Not all grasses are grasses, and this book covers a number of grass-like plants as well as true grasses. Nancy offers this garden rhyme to help you tell the difference: “Sedges have edges and rushes are round; grasses are hollow and rush all around.” I’ll never remember that, but with her illustrations in front of me, I can tell you that in fact, sedges have stems that form long, skinny triangles, while rushes have solid cylindrical stems, and true grasses have round, hollow stems. She also identifies the various flower forms most grasses offer—spikes, racemes, panicles, and awns—and separates out the clumpers from the creepers, the mounded from the tufted, and banishes the most invasive grasses entirely. However, some grasses are invasive in one part of the country but not in another, so her list of problem grasses is limited to the very worst offenders. Do check with the nursery if you’re not sure what you’re buying. The North Coast Chapter of the California Native Plant Society lists a number of native grasses at their website, including California oatgrass, California fescue, and blue bunchgrass.
While some grasses are drought-tolerant, others, especially the reeds, thrive in wet, marshy areas. Be sure to choose a grass that can handle the conditions in your garden, and remember that even plants that can survive dry summers will still need supplemental water for the first year or two while they get going.

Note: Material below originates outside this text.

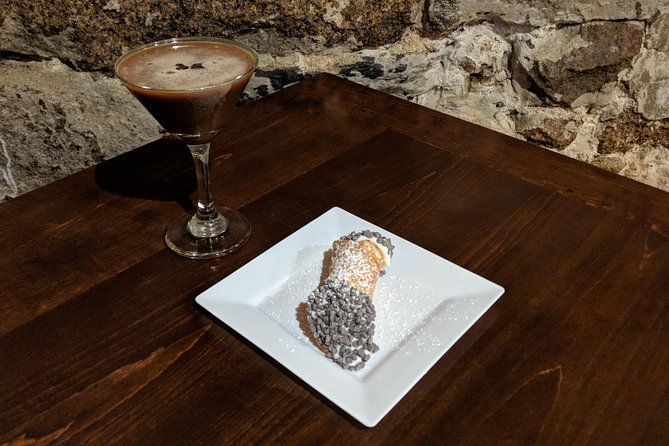 Cocktails & Cannoli: Boston's North End Dessert Tour - Four desserts, including cannoli and gelato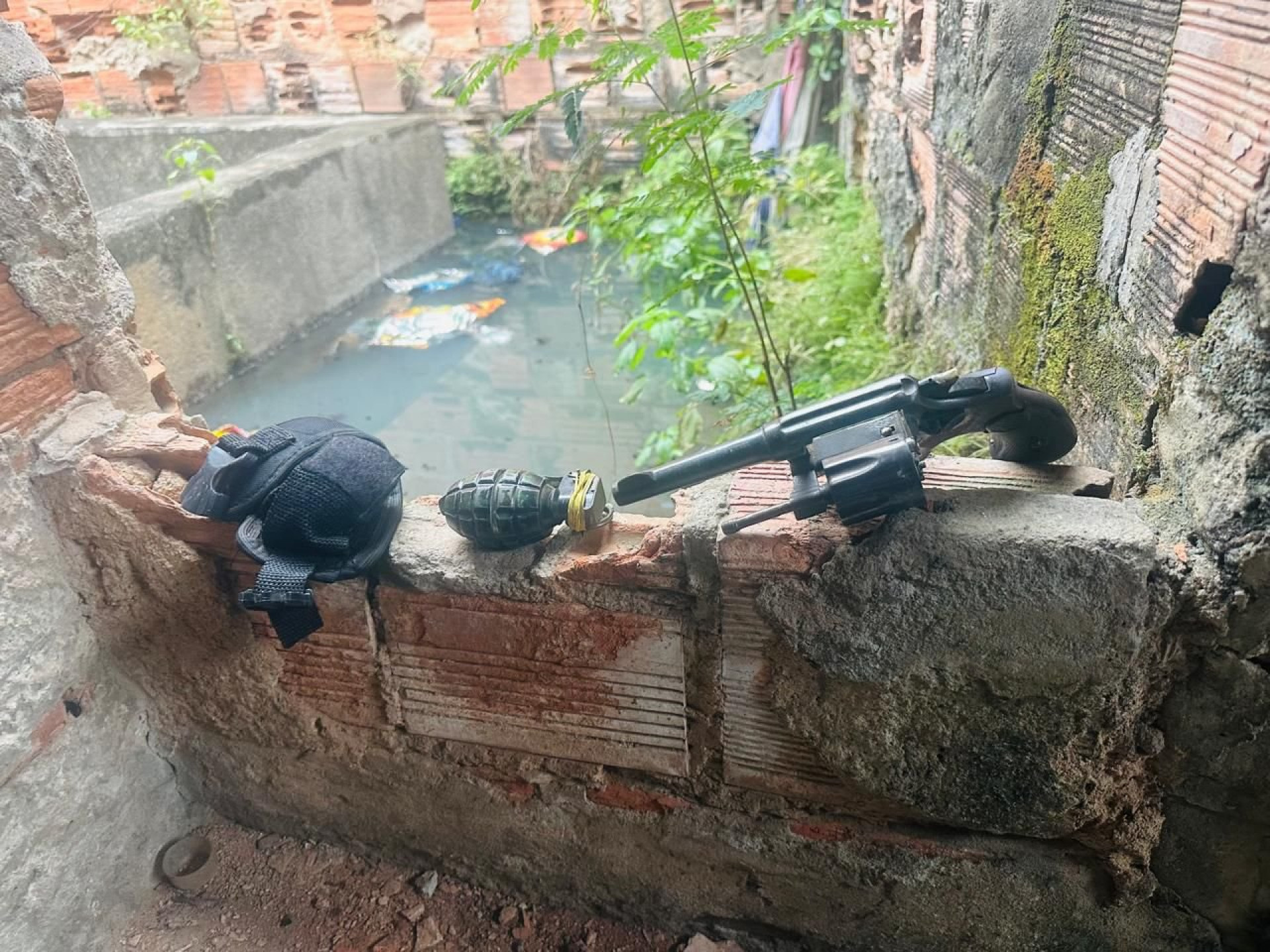 Com o suspeito, foi encontrado uma granada e um revólver - Divulgação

After that, you can actually use water to control the growth of the grass—if you want it to be shorter and tougher, hold back the water, but if you want something with more height and lushness, try watering more.
Grasses also don’t need a lot of fertilizer. In fact, too much nitrogen will actually produce more growth than is good for the plant, causing it to put out so much soft greenery that it flops over. Just work in some compost when you plant, and mulch every fall to keep it healthy.
In fact, grasses will typically require less maintenance than the rest of your plants do. Some benefit from a haircut in the winter, but many only need the dead foliage raked out from time to time. Clump-forming grasses should be divided every few years to keep the oldest growth in the center from dying out, and some grasses are so vigorous that you may want to cut out sections just to keep them down to a manageable size.
What I like most about the idea of working ornamental grasses into my garden is the way in which those soft, rounded shapes will support some of the other perennials that are nearing the end of their season. Yarrow flowers, for instance, turn brown this time of year but still make for an interesting shape on the end of the flower stalk. The same is true of gaura, tall purple verbena, and echinacea. Why bother cutting them back when I can let the stalks and dried seed pods stay on the plants all winter? It never looked right to leave the dry, brittle bones of the garden standing through winter before, but the grasses give the garden this relaxed, natural feel that lends itself to letting everything go to seed. That’s just what I intend to do.